JAKARTA – Badan Meteorologi Dunia atau World Meteorological Organisation (WMO) menyampaian bahwa temperatur global kemungkinan besar akan terlampaui diatas 1,5 derajad Celsius pada 5 tahun kedepan.
Kejadian ini diperkirakan sementara selama minimal 1 tahun. Tentu saja hal ini membuat khawatir semua pihak, oleh karena itu UN Climate Change, badan PBB yang menangani perubahan iklim juga
mengingatkan hal yang sama. Jika dibandingkan dengan tahun 2015, pada saat itu sama sekali tidak ada
potensi kenaikan temperatur melampaui 1,5 derajad Celsius, namun saat ini kemungkinan terjadi mencapai 66%.
Menanggapi hal tersebut, Mahawan Karuniasa, pakar lingkungan Universitas Indonesia, juga Ketua Umum Jaringan Ahli Perubahan Iklim dan Kehutanan Indonesia (APIK Indonesia Network) menyampaikan beberapa catatan untuk upaya mitigasi dan adaptasi perubahan iklim di Indonesia.
Pertama pemerintah Indonesia tetap terus melanjutkan rencana mengeluarkan Second NDC di tahun 2025 agar agenda NDC tahun 2030 selaras dengan agenda Net Zero Emission (NZE) Indonesia. Demikian juga target-target Net Sink FOLU tetap dipertahankan. Namun demikian isu Indonesia perlu mendorong
negara-negara maju agar NZE mereka lebih cepat dari 2050, jika memungkinkan NZE negara maju pada tahun 2030.
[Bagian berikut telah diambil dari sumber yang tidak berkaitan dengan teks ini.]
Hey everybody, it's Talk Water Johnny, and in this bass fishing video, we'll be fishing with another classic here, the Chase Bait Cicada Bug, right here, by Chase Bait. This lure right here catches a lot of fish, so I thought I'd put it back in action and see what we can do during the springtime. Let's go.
Kedua, berdasarkan Laporan Inventarisasi Gas Rumah Kaca dan Monitoring, Pelaporan, Verifikasi (IGRK
dan MPV) KLHK, pada tahun 2020 emisi nasional sebesar 1,05 gigaton, atau mendekati 3,9 ton perkapita, angka yang aman dalam konteks keadilan emisi. Dengan demikian, Indonesia pelu
mempertahankan tingkat emisi ini, dengan memperhatikan emisi sektor energi yang cenderung naik, jumlah penduduk yang terus bertambah, serta potensi cuaca panas ekstrem yang mengancam
kebakaran hutan dan lahan.
Ketiga, Indonesia perlu bekerja keras meningkatkan kapasitas adaptasi nasional, mengingat kenaikan
diatas 1,5 derajad Celsius akan meningkatkan secara bencana hidrometeorologis, menurunkan
produktivitas pangan baik didaratan dan lautan, meningkatkan penyakit menular, kesehatan mental masyarakat, serta kerusakan infrastruktur ekonomi karena banjir dan longsor. Ekosistem daratan dan
lautan, sebaran spesies, serta perilaku alam juga akan mengalami perubahan nyata. Kesemuanya ini akan berdampak ekonomi dan sosial semua pihak.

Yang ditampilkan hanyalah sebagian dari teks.